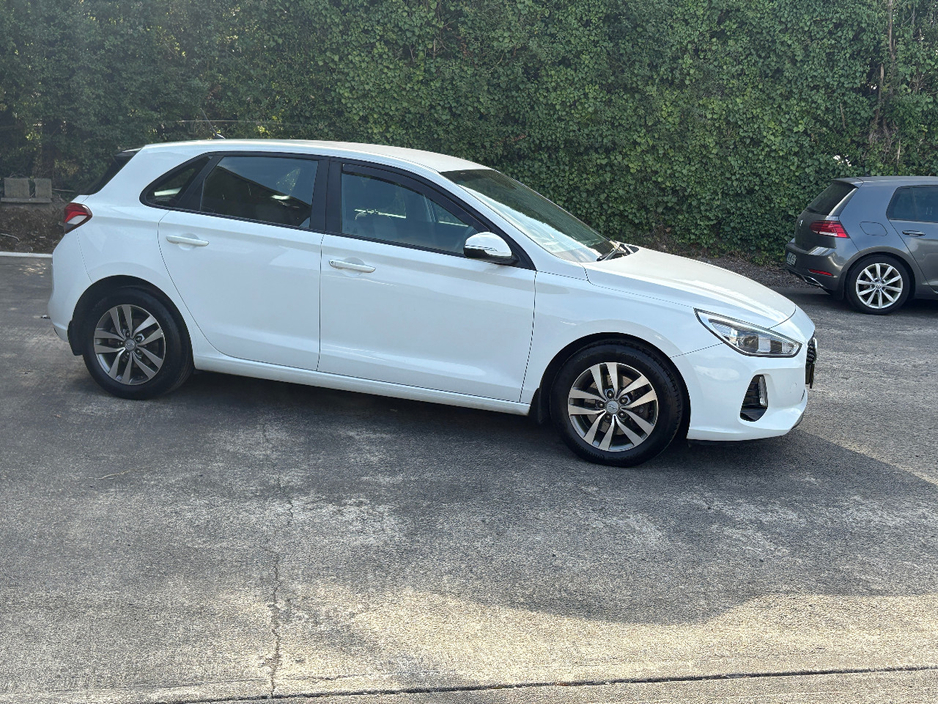 2017 Hyundai i30 1.6L Diesel For Sale Images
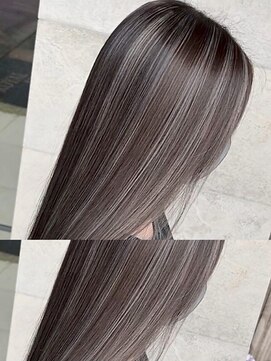 ライン(LYNE) 透明感/ハイライト/スモーキーカラー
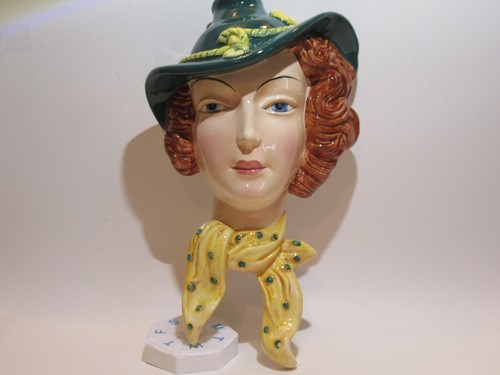 Beswick art deco lady - deco, with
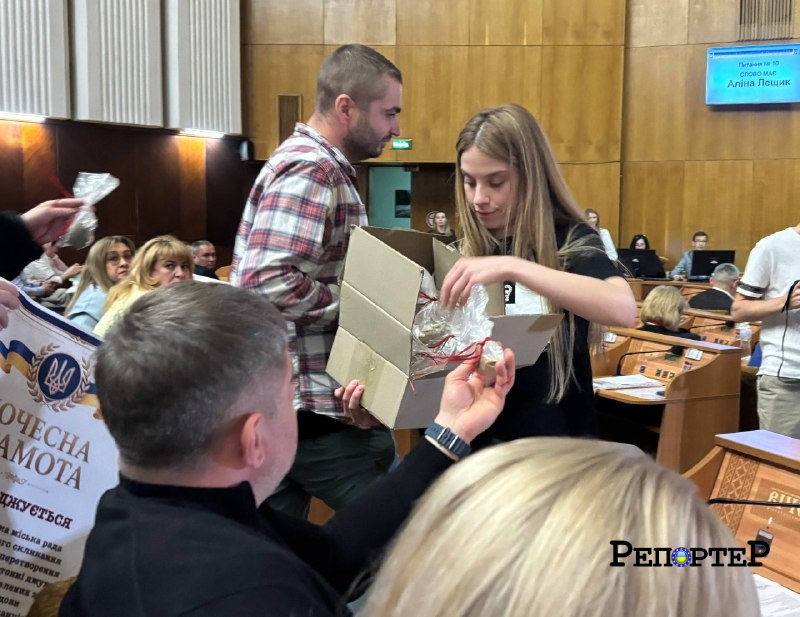 У Франківську активісти передали депутатам будівельне сміття та «грамоту» за забудову міста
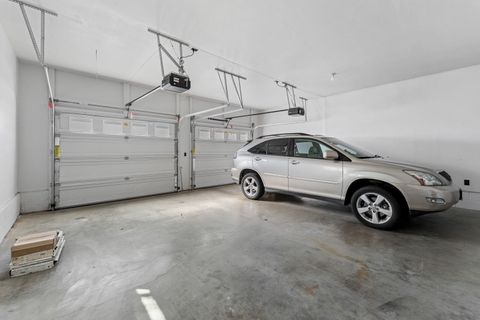 Tiny photo for 722 NW Sandy Drive, Grants Pass, OR 97526 (MLS # 220217636)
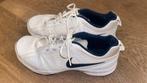 GRATIS Nike sportschoenen maat 44 (vallen klein), Ophalen of Verzenden, Gedragen, Wit, Sportschoenen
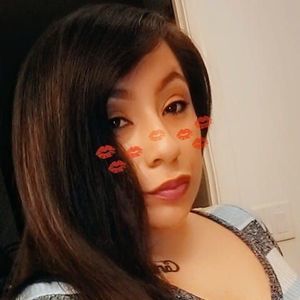 Meet your Posher, Yamile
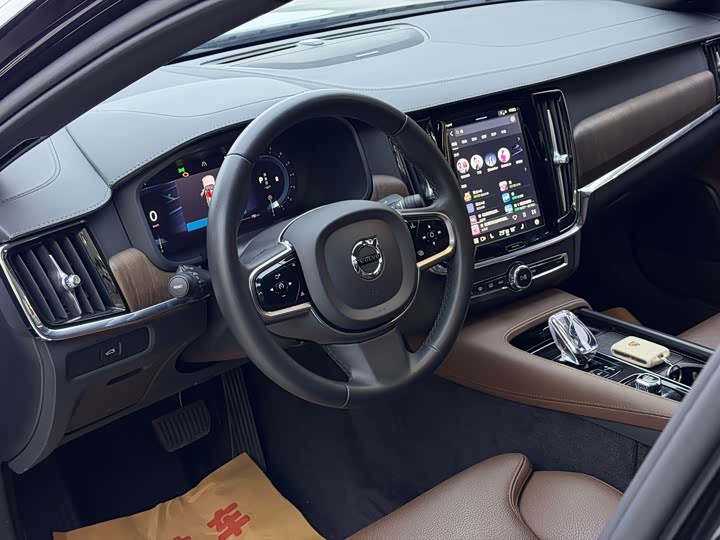 Фото 7 - Volvo S90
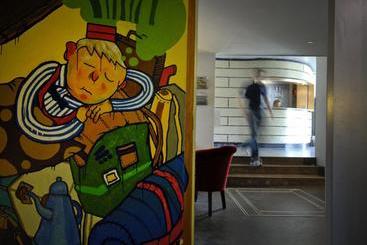 Hostel City Sleepin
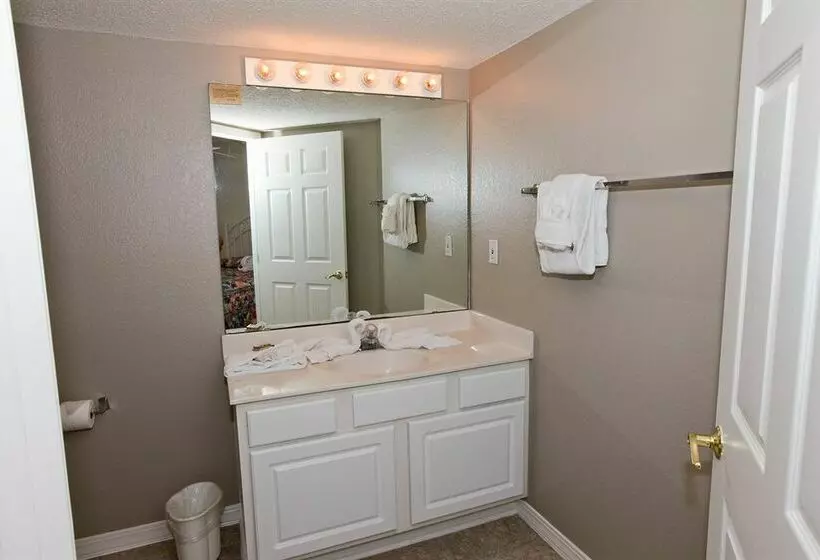 Resortquest Islander Beach Resort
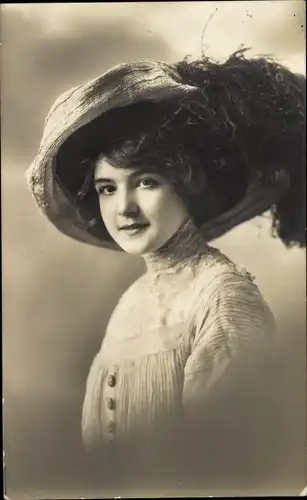 Foto Ak Portrait einer jungen Frau, Hut mit Feder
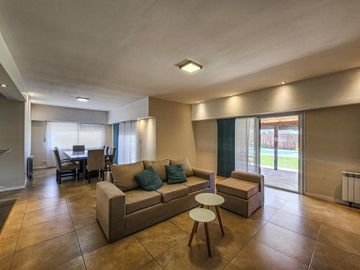 Casa de 3 dormitorios con cocheras, amplia galería y pileta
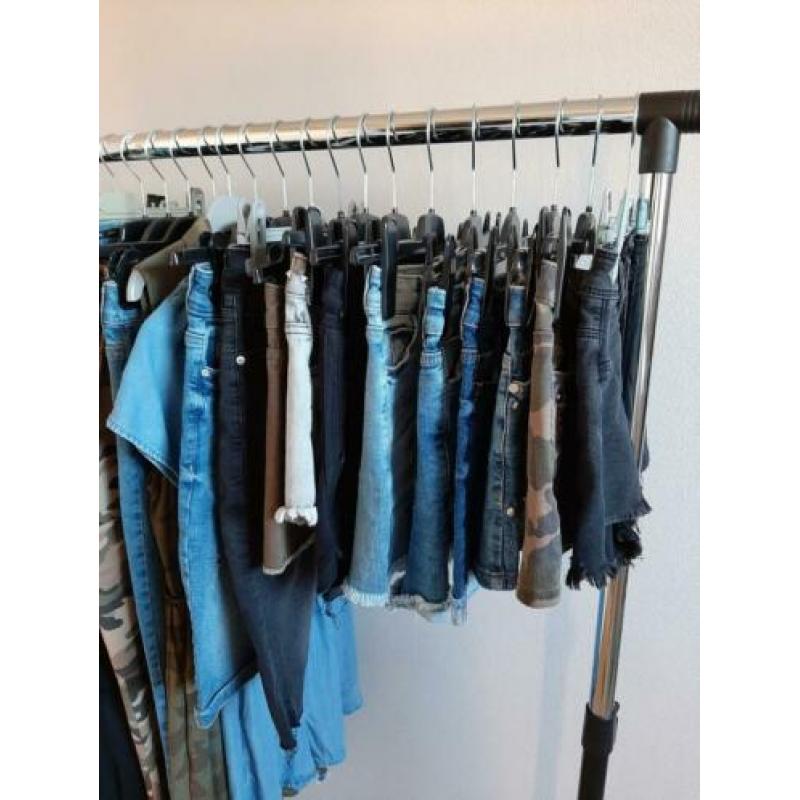 ZOMER dames mt 34 / 36 XS S korte broeken en meer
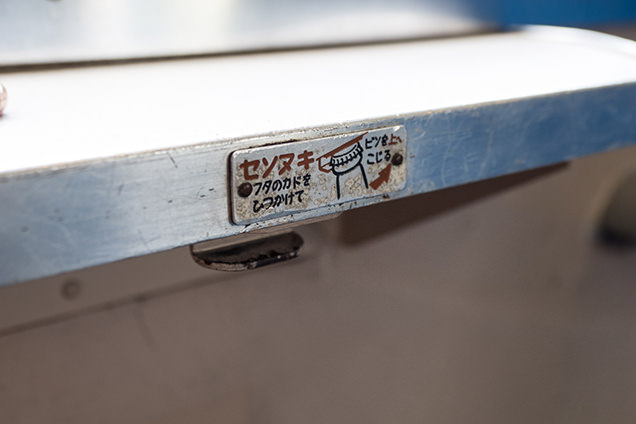 車両のテーブルに設置された、瓶の栓抜き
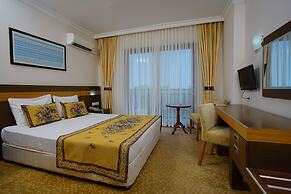 Perre La Mer Hotel Resort & Spa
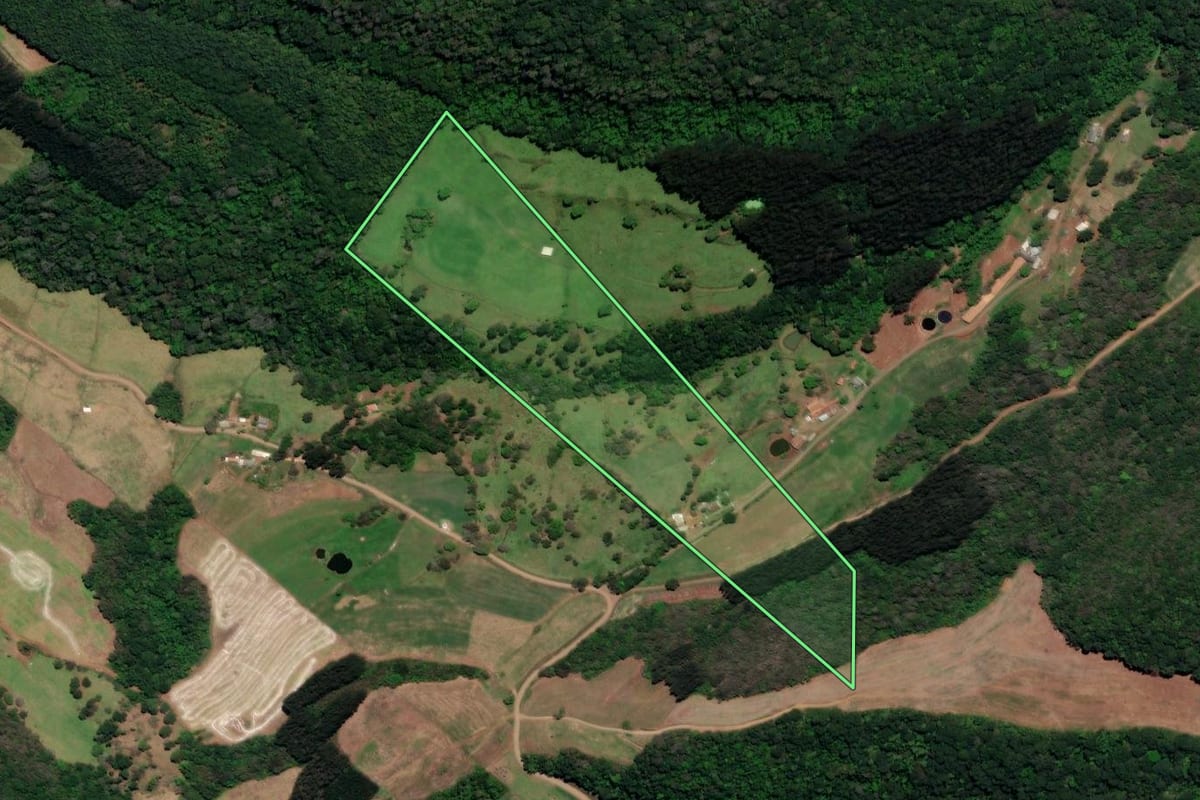 Imagem de satélite do imóvel rural em Arroio Trinta (SC), com o contorno declarado no CAR desenhado por cima.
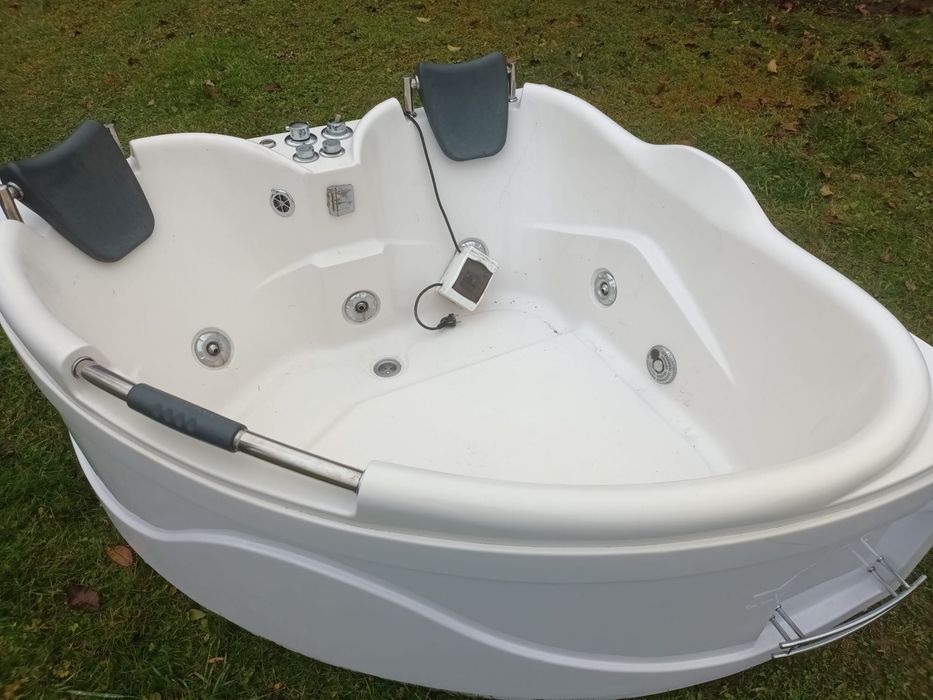 Vand cada cu hidromasaj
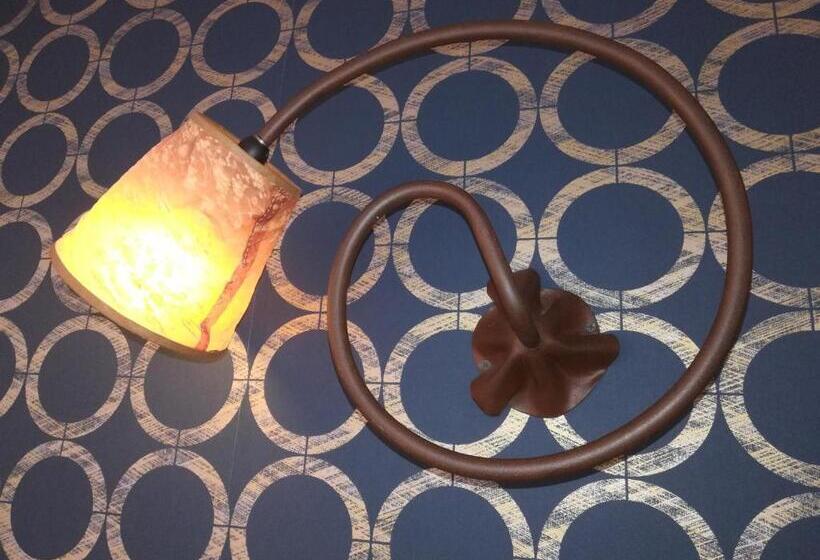 חדר קומפורט, Le Régence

+++

ASSIGNMENT
Leave the pictures aside and print exactly, and only, the lines from the one with "Foto Ak Portrait" through the end of the data, both included.

TASK RESULT
 Foto Ak Portrait einer jungen Frau, Hut mit Feder
 Casa de 3 dormitorios con cocheras, amplia galería y pileta
 ZOMER dames mt 34 / 36 XS S korte broeken en meer
 車両のテーブルに設置された、瓶の栓抜き
 Perre La Mer Hotel Resort & Spa
 Imagem de satélite do imóvel rural em Arroio Trinta (SC), com o contorno declarado no CAR desenhado por cima.
 Vand cada cu hidromasaj
 חדר קומפורט, Le Régence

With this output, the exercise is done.